GIVEN DATA.
|---|

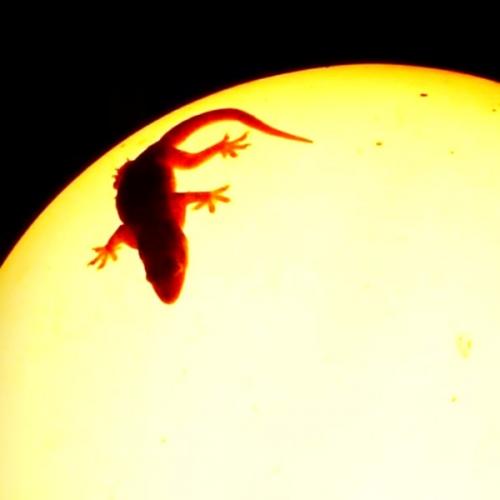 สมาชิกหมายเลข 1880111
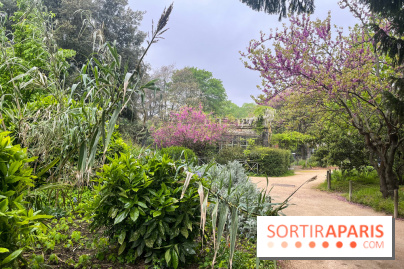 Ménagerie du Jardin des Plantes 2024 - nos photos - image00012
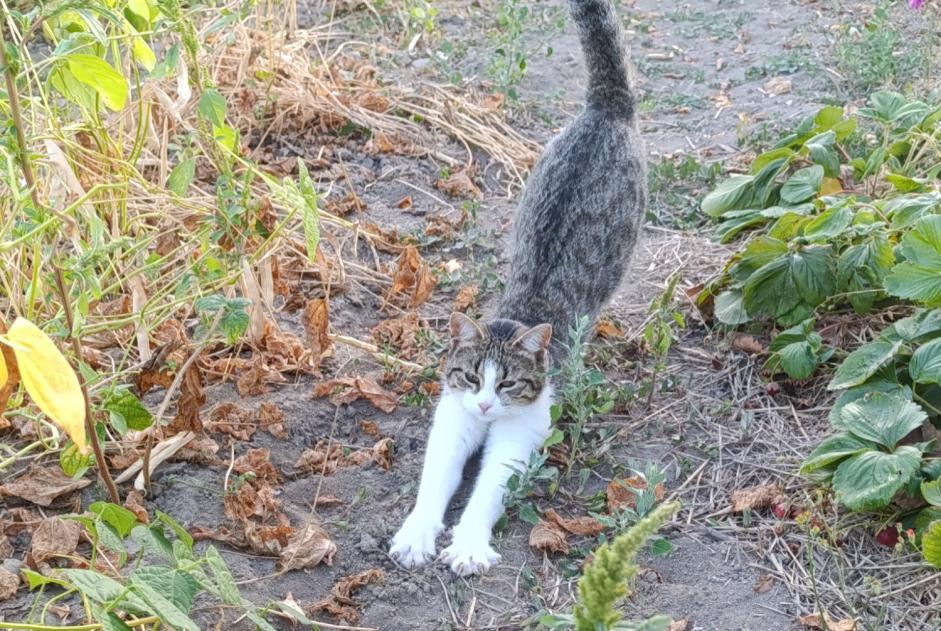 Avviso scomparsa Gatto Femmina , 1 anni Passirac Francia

|---|

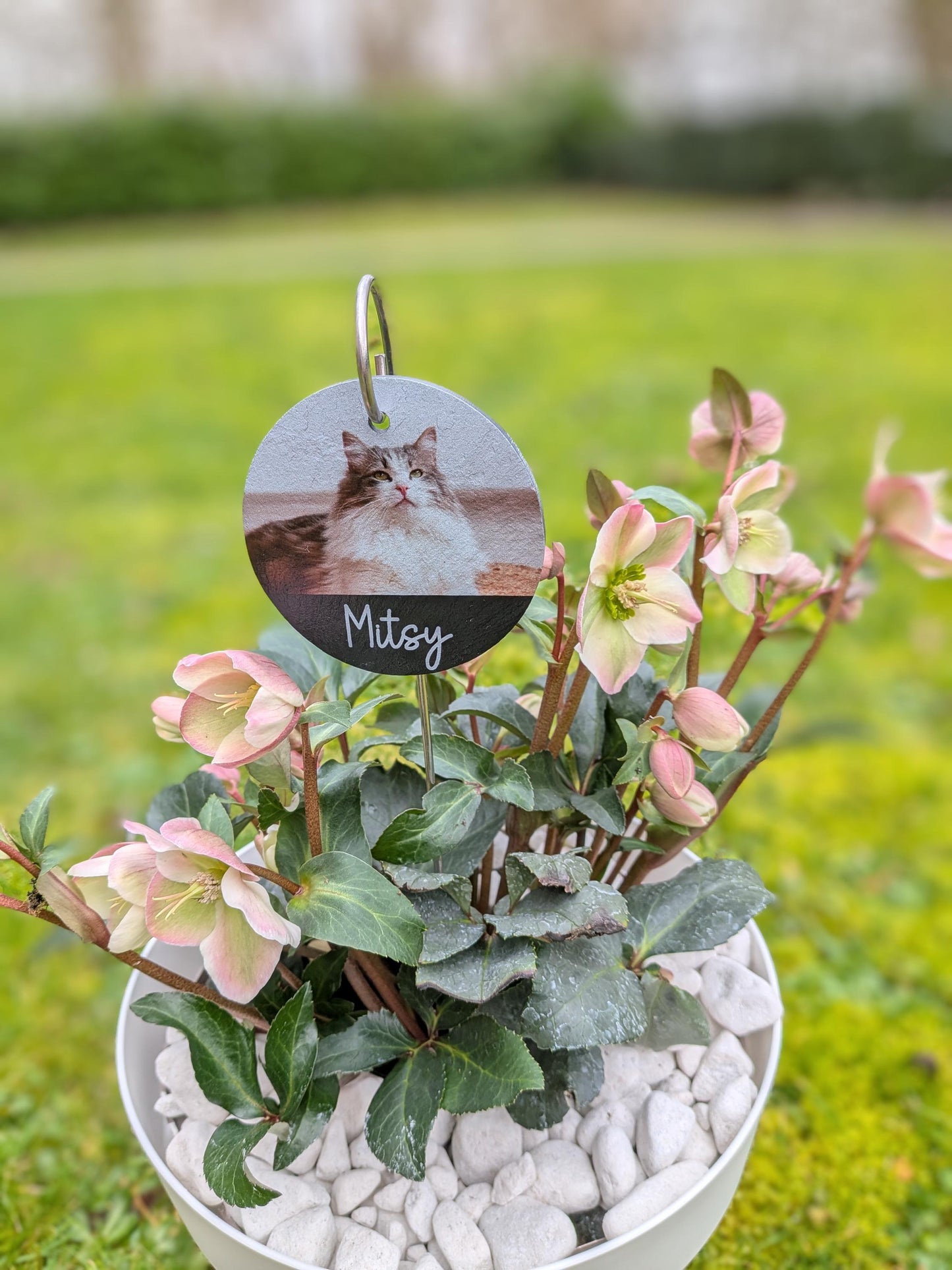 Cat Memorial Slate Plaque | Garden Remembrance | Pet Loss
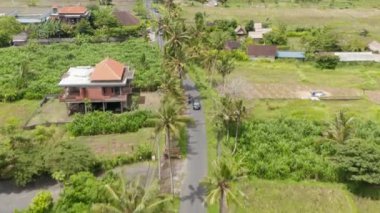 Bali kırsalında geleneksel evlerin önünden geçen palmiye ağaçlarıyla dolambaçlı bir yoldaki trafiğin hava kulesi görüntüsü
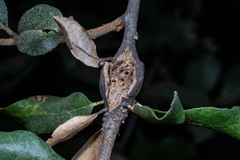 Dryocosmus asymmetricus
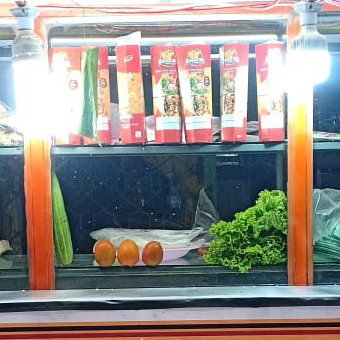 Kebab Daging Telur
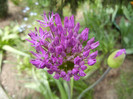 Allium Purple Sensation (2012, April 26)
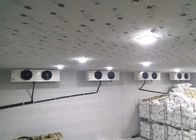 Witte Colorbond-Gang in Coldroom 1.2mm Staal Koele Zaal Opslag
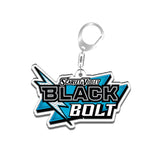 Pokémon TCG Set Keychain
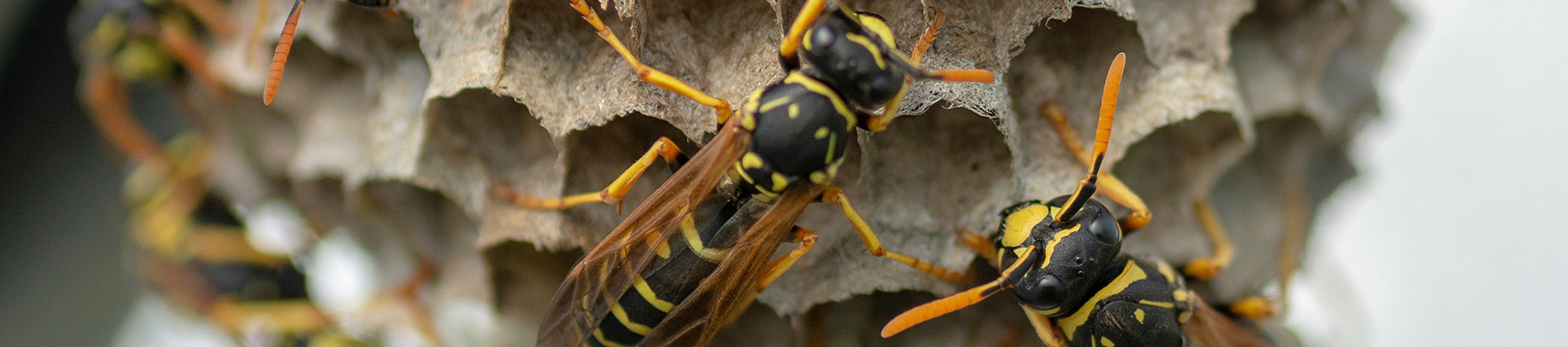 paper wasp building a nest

|---|

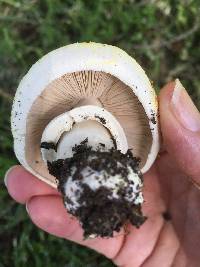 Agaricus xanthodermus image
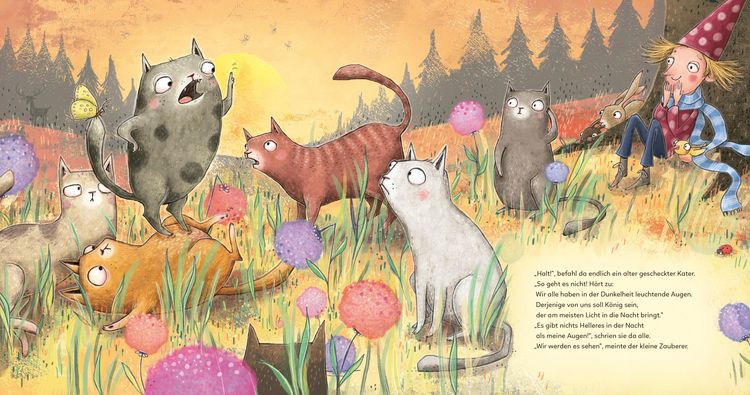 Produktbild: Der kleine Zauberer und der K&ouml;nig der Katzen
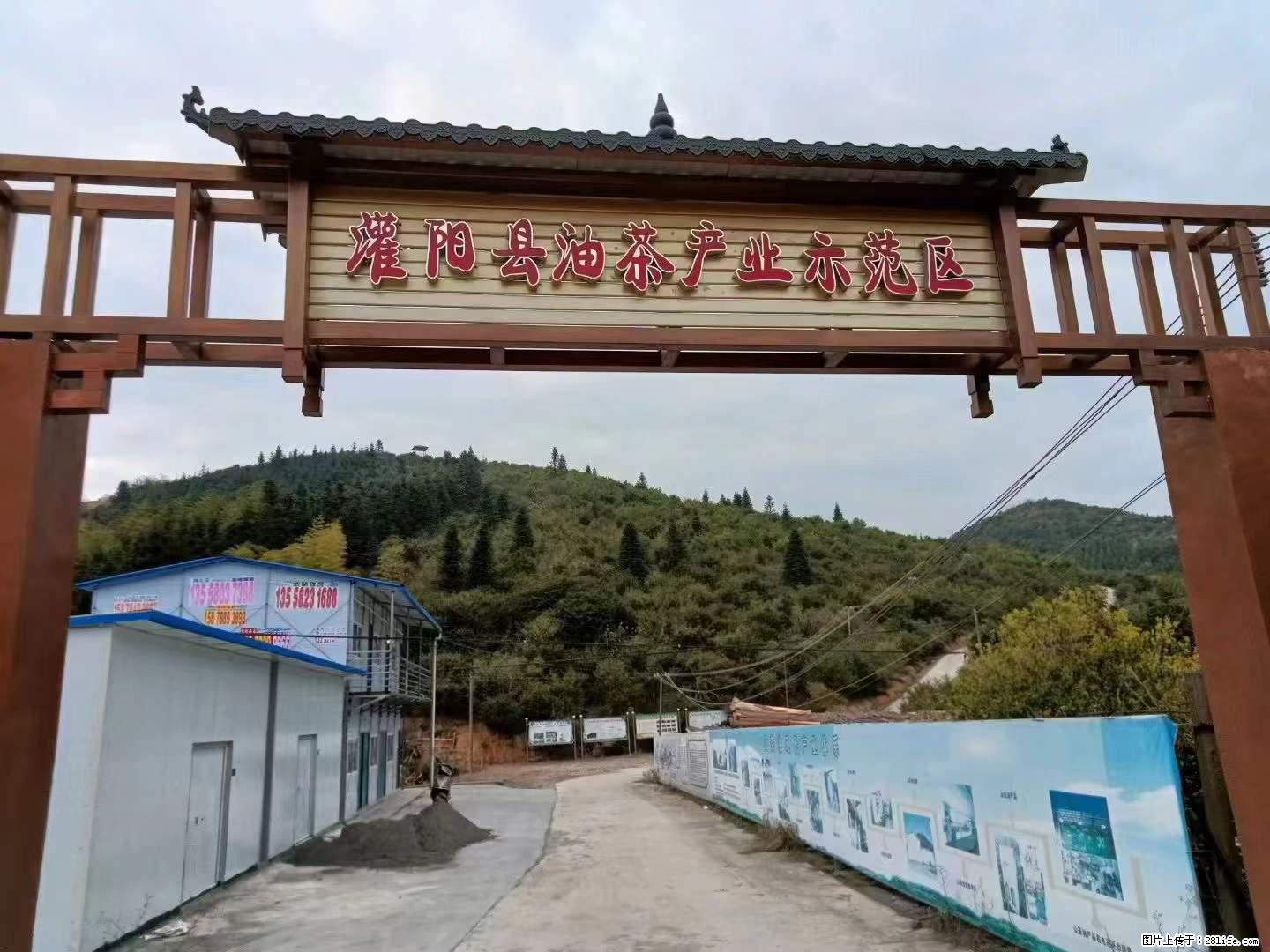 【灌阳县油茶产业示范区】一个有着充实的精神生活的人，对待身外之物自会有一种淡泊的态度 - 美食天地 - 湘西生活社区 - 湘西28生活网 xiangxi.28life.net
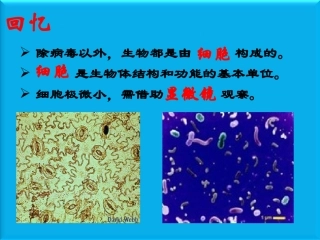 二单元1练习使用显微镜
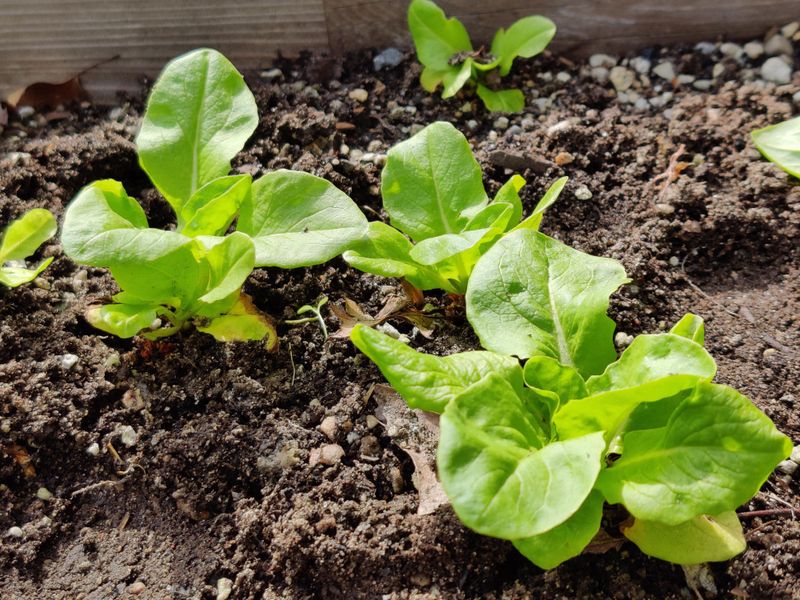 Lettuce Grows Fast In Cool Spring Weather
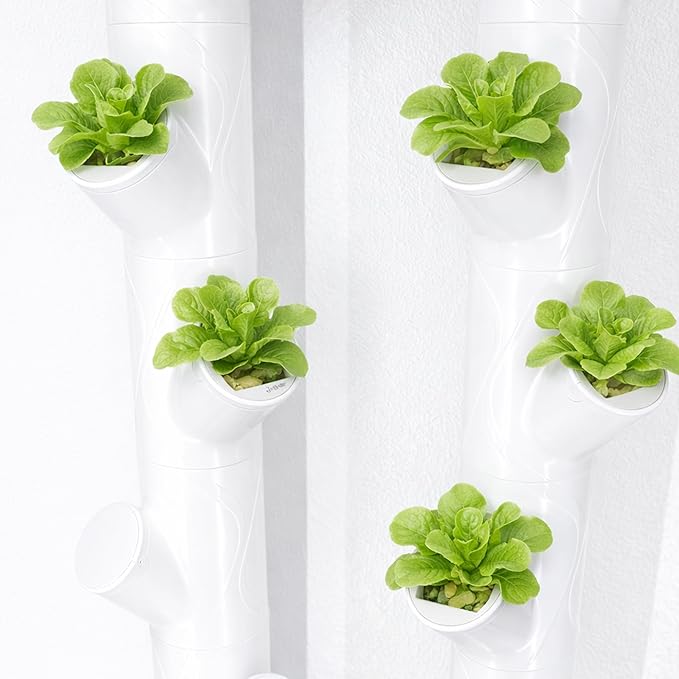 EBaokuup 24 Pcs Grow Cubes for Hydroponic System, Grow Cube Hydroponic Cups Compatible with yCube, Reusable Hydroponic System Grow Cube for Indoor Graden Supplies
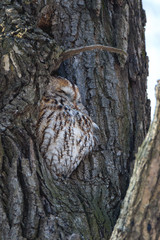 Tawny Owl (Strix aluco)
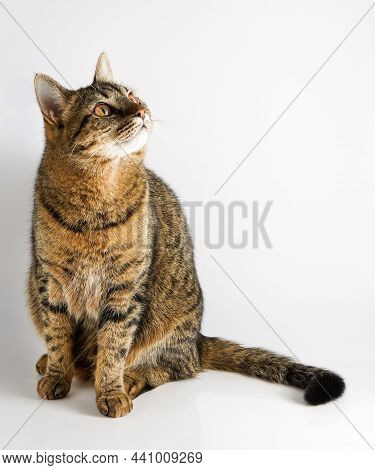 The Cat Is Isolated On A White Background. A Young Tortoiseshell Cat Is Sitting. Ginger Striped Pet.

|---|

PROBLEM STATEMENT.
Once the line with "二单元1练习使用显微镜" has been found above, output that line and every later line exactly, stopping after the line with "The Cat Is Isolated", and omit the pictures.

ANSWER TO THE PROBLEM.
 二单元1练习使用显微镜
 Lettuce Grows Fast In Cool Spring Weather
 EBaokuup 24 Pcs Grow Cubes for Hydroponic System, Grow Cube Hydroponic Cups Compatible with yCube, Reusable Hydroponic System Grow Cube for Indoor Graden Supplies
 Tawny Owl (Strix aluco)
 The Cat Is Isolated On A White Background. A Young Tortoiseshell Cat Is Sitting. Ginger Striped Pet.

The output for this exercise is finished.